For retrofit projects the approach is somewhat different due to the availability of a measurable baseline of energy consumption/emissions prior to the project. At the same time, no existing facility will last forever, and a considerable average rate of improvement will be needed to comply with national targets. Credit for retrofit projects should therefore be calculated relative to a baseline derived from measured pre-project emissions, but using a "straight line depreciation schedule" for the baseline set at 4% of the original baseline per year. In addition, to prevent "cream skimming," post-project performance should meet the Energy Star criteria, where such criteria have been established as applicable to existing facilities. Alternatively, minimum percentage performance improvements could be specified in some cases. The slope of the "depreciation schedule" is chosen to represent a reasonable lifetime for existing facilities as well as an improvement rate consistent with achieving national targets, given the need to accommodate emissions from new facilities. It is also similar to the approach to early reduction crediting proposed by the CAST First Movers Coalition group.(7)

Before moving forward with this approach, analysis is needed to consider the potential for projects to qualify as well as the likely balance of free rider and free driver tons. Based on such an analysis, this general approach will have to be tailored to be suitable for specific project types. As a starting point, special considerations should be identified for the project categories indicated in the table below. Rather than attempt to settle all the details up front, some form of "Implementation Committee" will be needed to resolve specific issues as they arise.

Footnotes

  1. This issue is referred to variously as the additionality principle, the anyway tons issue, or the free riders issue.

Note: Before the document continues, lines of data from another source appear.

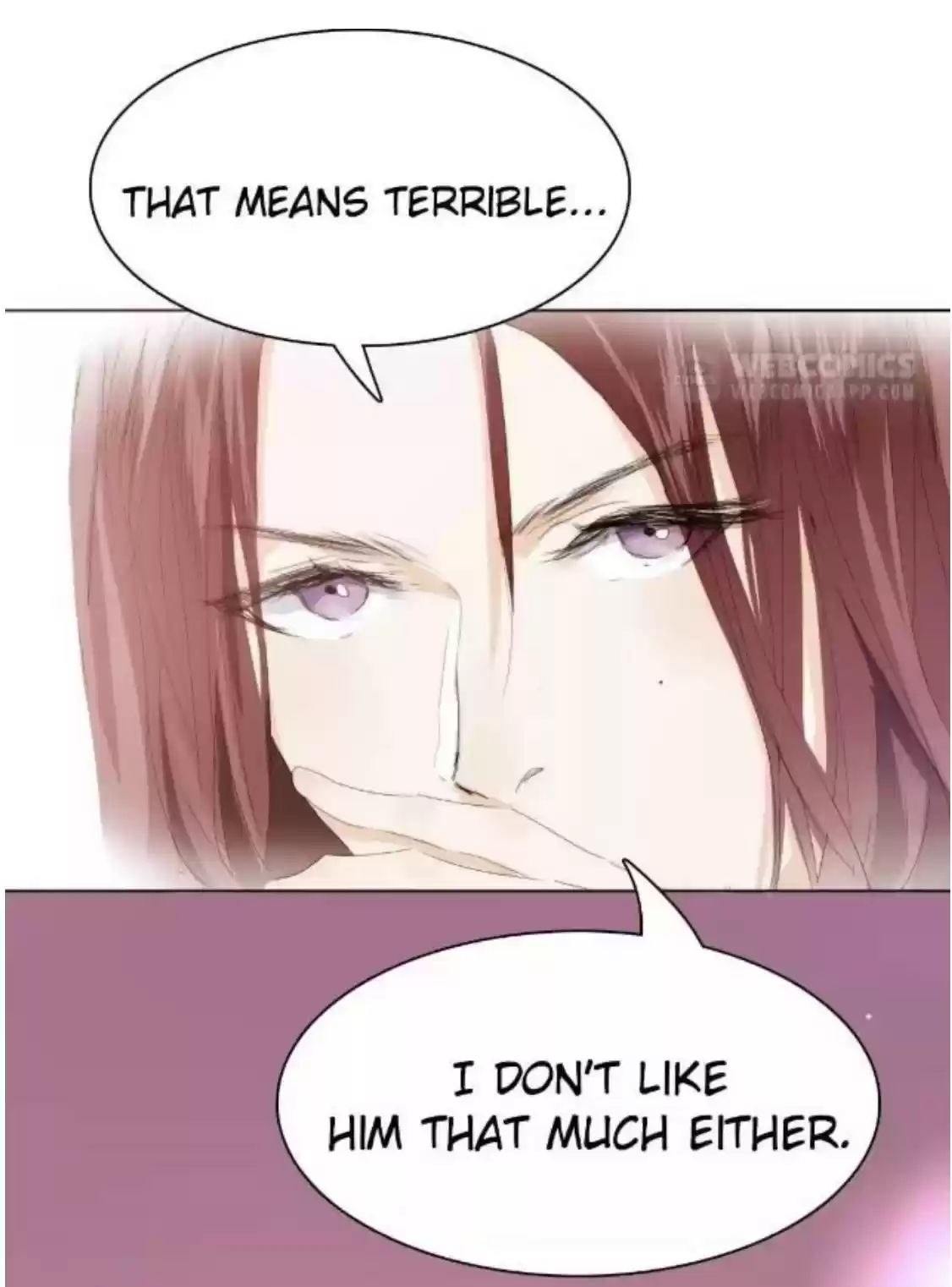 Men’S Wear Store And “Her Royal Highness” Chapter 122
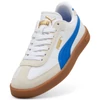 Kép 6/6 - Puma cipő Puma Club II Era Jr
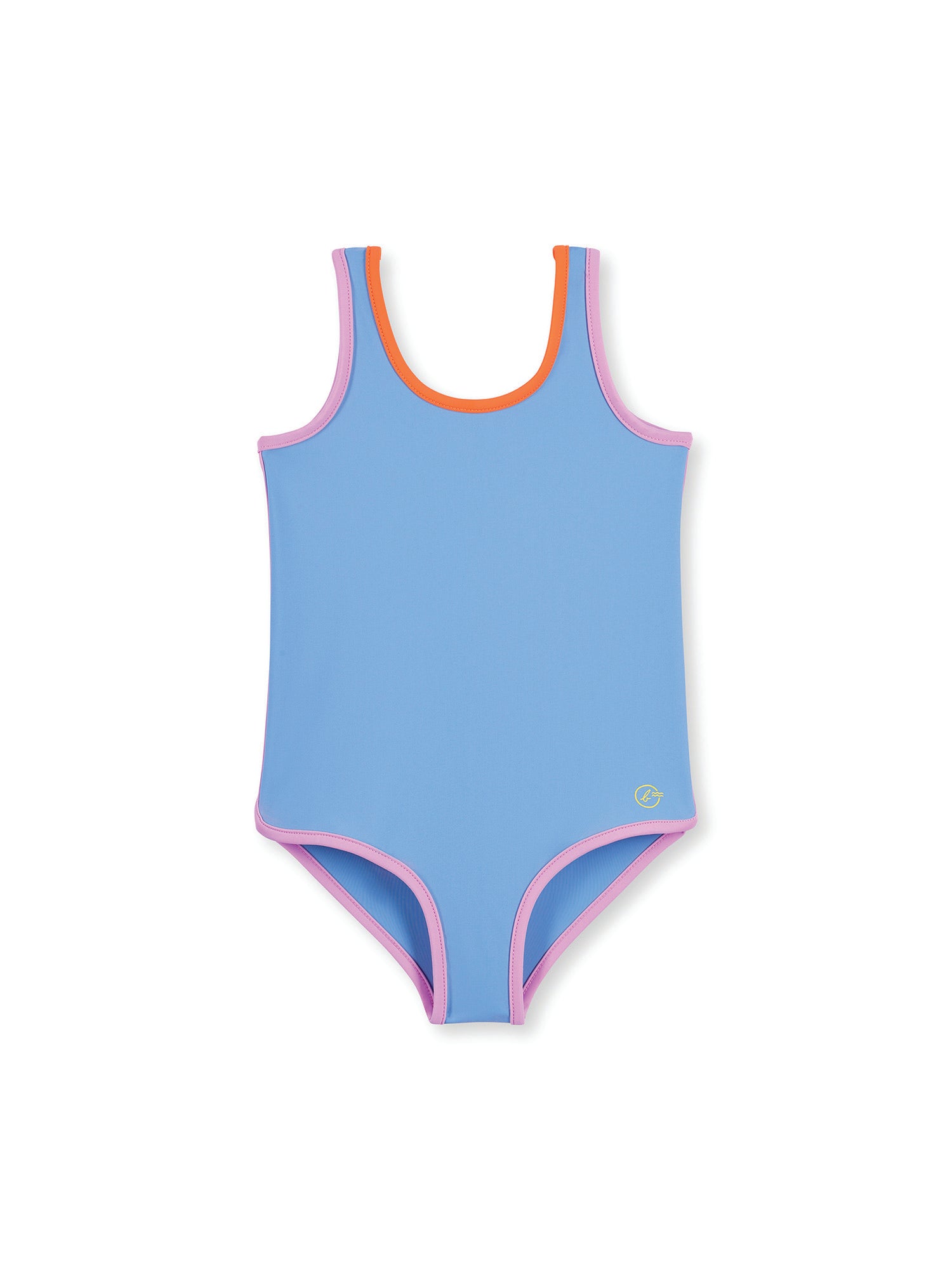 Pam Swimsuit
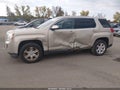 2012 GMC Terrain — photo 6 of 16 | VIN 2GKALMEK6C6144617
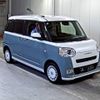 daihatsu move-canbus 2024 CFJ1594795 image 1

  2. The question of additionality does not arise for emission reductions made within a Climate Neutral firm or product line. Rather any internal emission reductions, achieved through on site renewable energy projects, energy efficiency improvements, or other means, directly reduce the emissions that would have to be offset through external "additional" projects. Other things being equal, then, internal emission reductions will be the first choice, as they are not subject to the baseline "depreciation schedule" or other conditions described below for offset projects. At the same time, I would propose that internal investments in advanced technology (e.g., on site renewable energy) should still be considered a contribution to the proposed requirement that 10% of the emission reductions in the overall portfolio come from advanced technologies.

  3. Shutting down an existing facility and replacing it with a cleaner one could generate credits, as long as the emissions associated with replacing the output from the retired facility are accounted for in calculating the net emission reductions.

  4. Examples of free drivers include reductions in the cost of a new technology driven by the project which then stimulates additional use of that technology as part of standard practice that does not qualify for credits.

  5. International Performance Measurement and Verification Protocol, available at http://www.ipmvp.org.

  6. Where no Energy Star criteria are available, performance benchmarks would have to be established for specific new project types before these projects could qualify for offset credits. These benchmarks should be designed to represent roughly the 25th percentile of performance (ranking similar projects from the best performance to the worst), which is similar to the design criteria for Energy Star.

  7. The Coalition to Advance Sustainable Technology (CAST) has proposed a First Movers Coalition early action credit program based on a "Meet Kyoto" benchmark of achieving a 3%/yr reduction in greenhouse gas emissions per (constant) dollar of sales, and a "Beat Kyoto" benchmark of a 5% improvement. A key difference is that these benchmarks are to be measured company-wide, whereas a project-by-project approach is used here.